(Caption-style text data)
•••
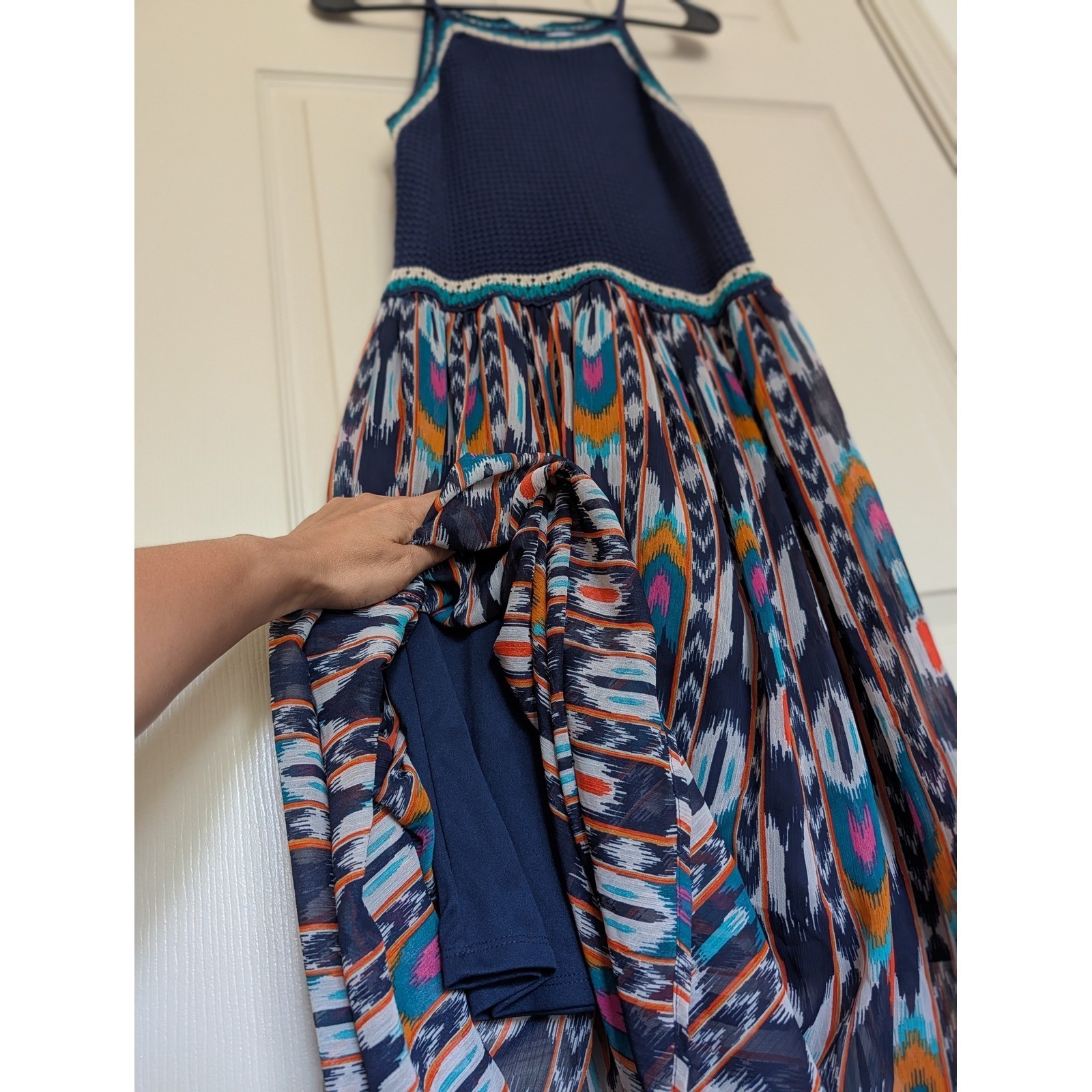 Crochet Halter Ikat Print Maxi Dress Medium Boho Summer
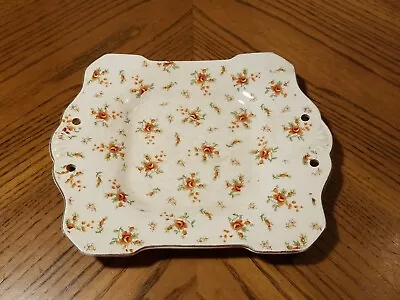 Vintage Moriyama Mori-Machi Chintz Butter Dish Tray Floral Gold Edge Japan  • $11.01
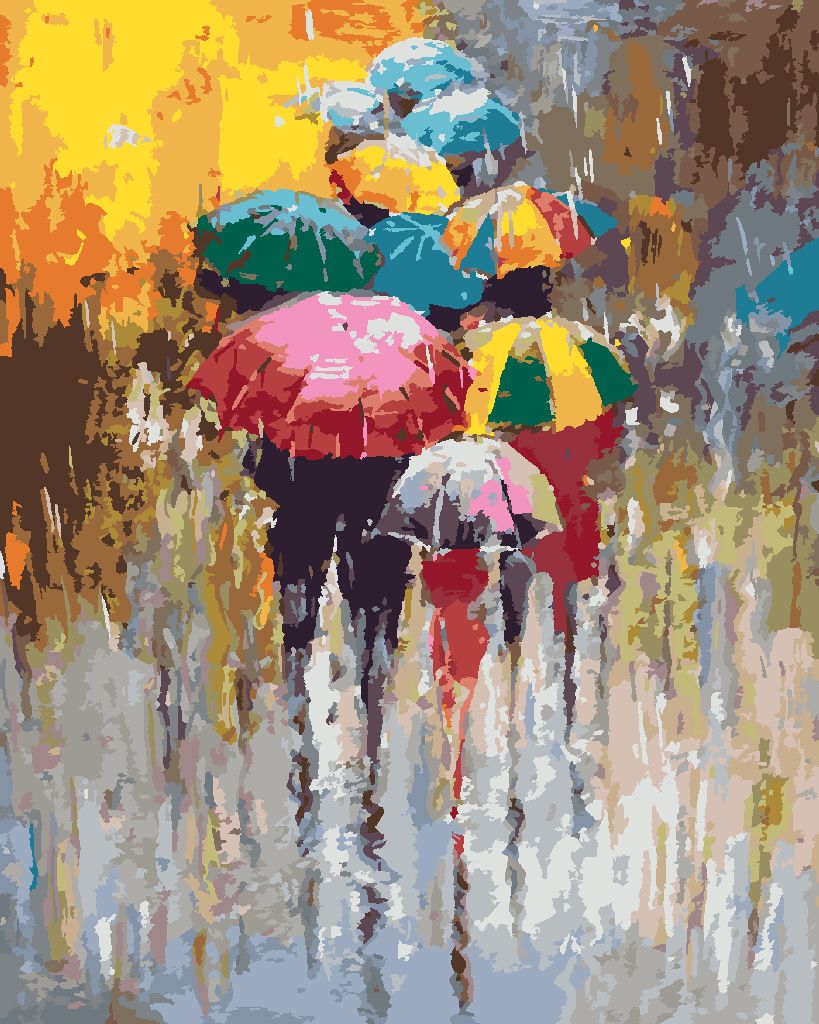 Zuty - Malen nach Zahlen - REGNERISCHER TAG, 40x50 cm, ohne Keilrahmen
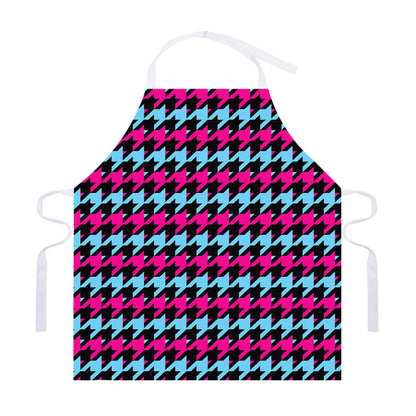 Pink Blue And Black Houndstooth Print Adjustable Apron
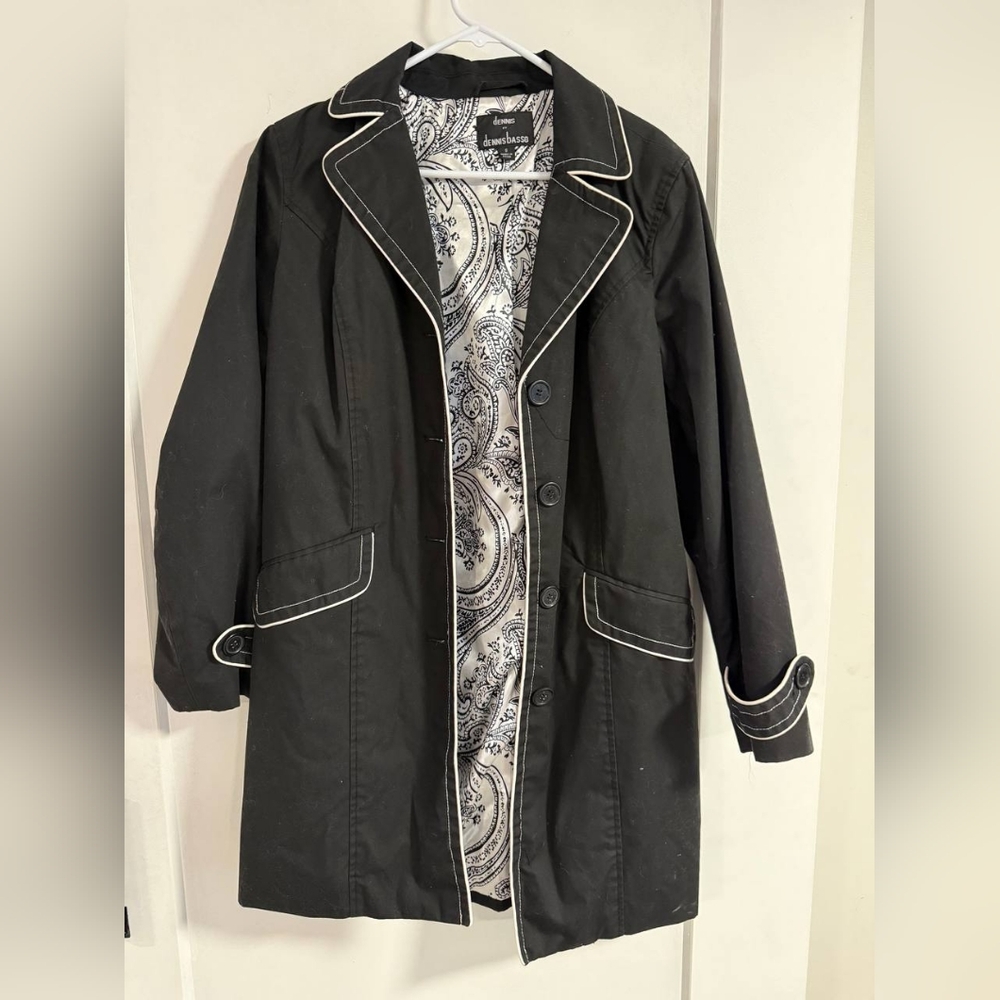 Dennis Basso Black Trench Coat with White Piping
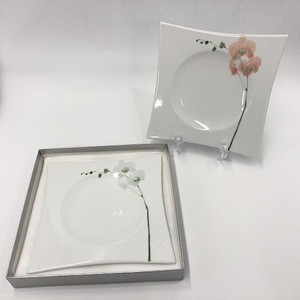 ローゼンタール Rosenthal 食器 プレート 平皿 2枚セット 20㎝角 白系 花柄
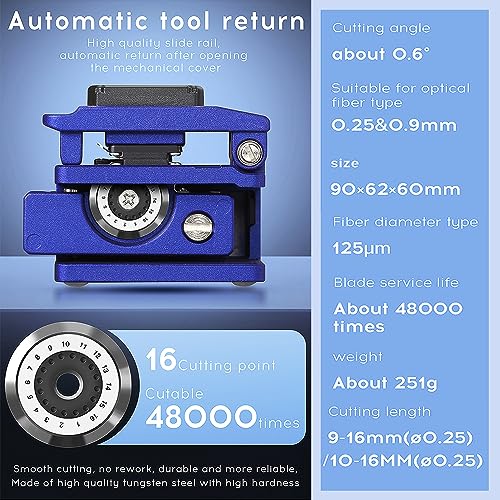 YICIZOL Visual Fault Locator,Optic Fiber Power Meter with FC,SC Connector, Optic Fiber Cleaver FTTH Tool Kits for CATV Engineering (FTTH-X0)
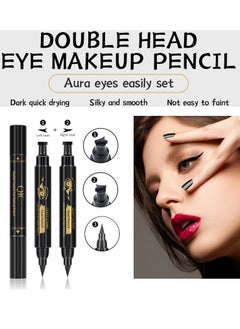 QIC 2 Pcs Double Sided Liquid Stamp Eyeliner Pencil Face Stamps Makeup Black Waterproof Slim Gel Felt Tip High Black Pigment Liquid Eyeliner and Seal Thin Left Right Wing Black Stamp  - Image 3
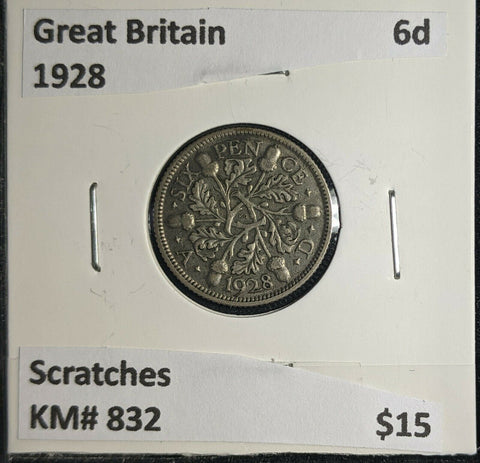 Great Britain 1928 6 Pence Sixpence 6d KM# 832 Scratches #978 4B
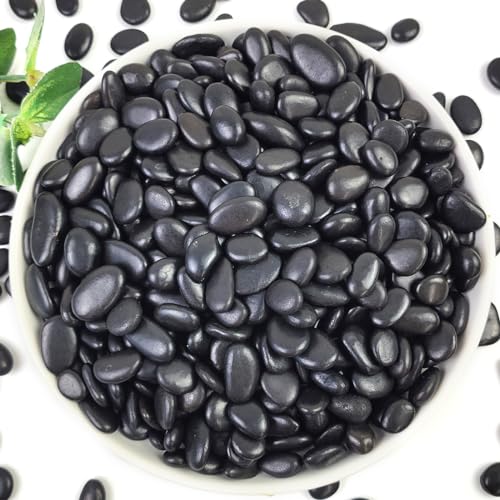 YISZM 2LB Succulent and Cactus Black Pebbles, 3/8 Inch Natural Decorative Polished Stones, River Rocks for Indoor Plants, Vases, Planters and Outdoor Gardening - color: Black, size: 2 Pounds
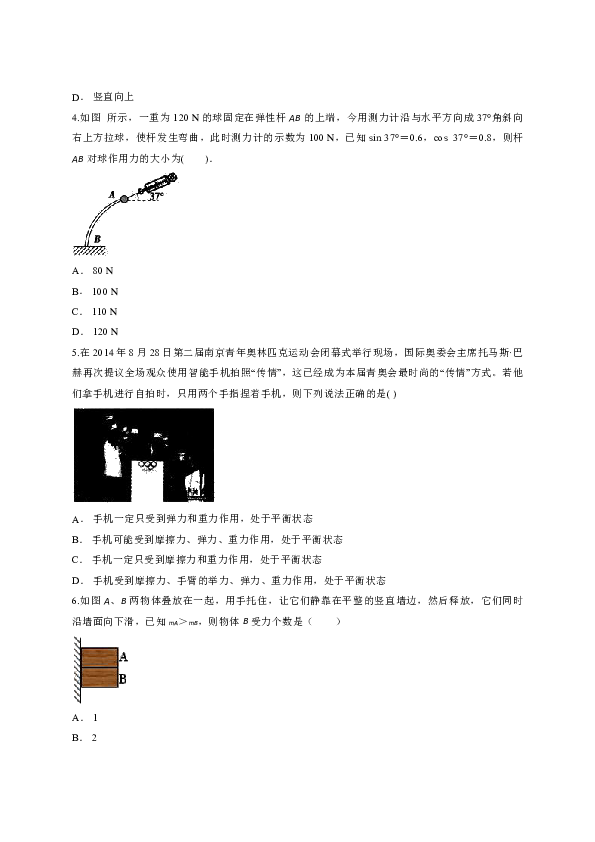 教科版高中物理第一轮复习第二专题《相互作用》测试题（word解析版）
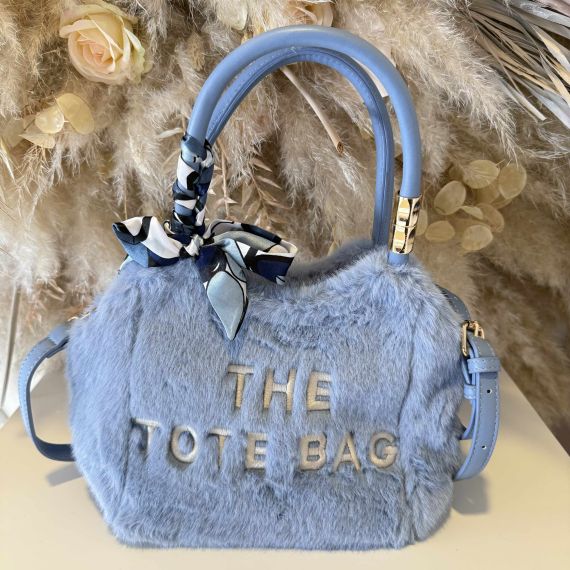TOTE FAKE FUR BAG H3892 L.BLUE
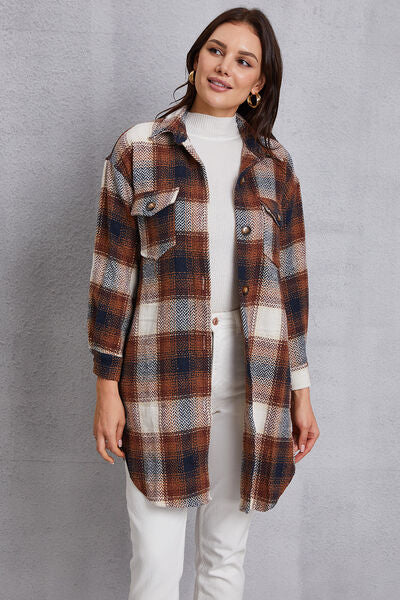 swvws Plaid Button Up Dropped Shoulder Coat with Pockets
•••
▸ **WHAT TO DO**: Your answer must be every record above, word for word, with no pictures.

▸ **SOLUTION FOR THIS TASK**:
 Crochet Halter Ikat Print Maxi Dress Medium Boho Summer
 Vintage Moriyama Mori-Machi Chintz Butter Dish Tray Floral Gold Edge Japan  • $11.01
 Zuty - Malen nach Zahlen - REGNERISCHER TAG, 40x50 cm, ohne Keilrahmen
 Pink Blue And Black Houndstooth Print Adjustable Apron
 Dennis Basso Black Trench Coat with White Piping
 ローゼンタール Rosenthal 食器 プレート 平皿 2枚セット 20㎝角 白系 花柄
 YICIZOL Visual Fault Locator,Optic Fiber Power Meter with FC,SC Connector, Optic Fiber Cleaver FTTH Tool Kits for CATV Engineering (FTTH-X0)
 QIC 2 Pcs Double Sided Liquid Stamp Eyeliner Pencil Face Stamps Makeup Black Waterproof Slim Gel Felt Tip High Black Pigment Liquid Eyeliner and Seal Thin Left Right Wing Black Stamp  - Image 3
 Great Britain 1928 6 Pence Sixpence 6d KM# 832 Scratches #978 4B
 YISZM 2LB Succulent and Cactus Black Pebbles, 3/8 Inch Natural Decorative Polished Stones, River Rocks for Indoor Plants, Vases, Planters and Outdoor Gardening - color: Black, size: 2 Pounds
 教科版高中物理第一轮复习第二专题《相互作用》测试题（word解析版）
TOTE FAKE FUR BAG H3892 L.BLUE
 swvws Plaid Button Up Dropped Shoulder Coat with Pockets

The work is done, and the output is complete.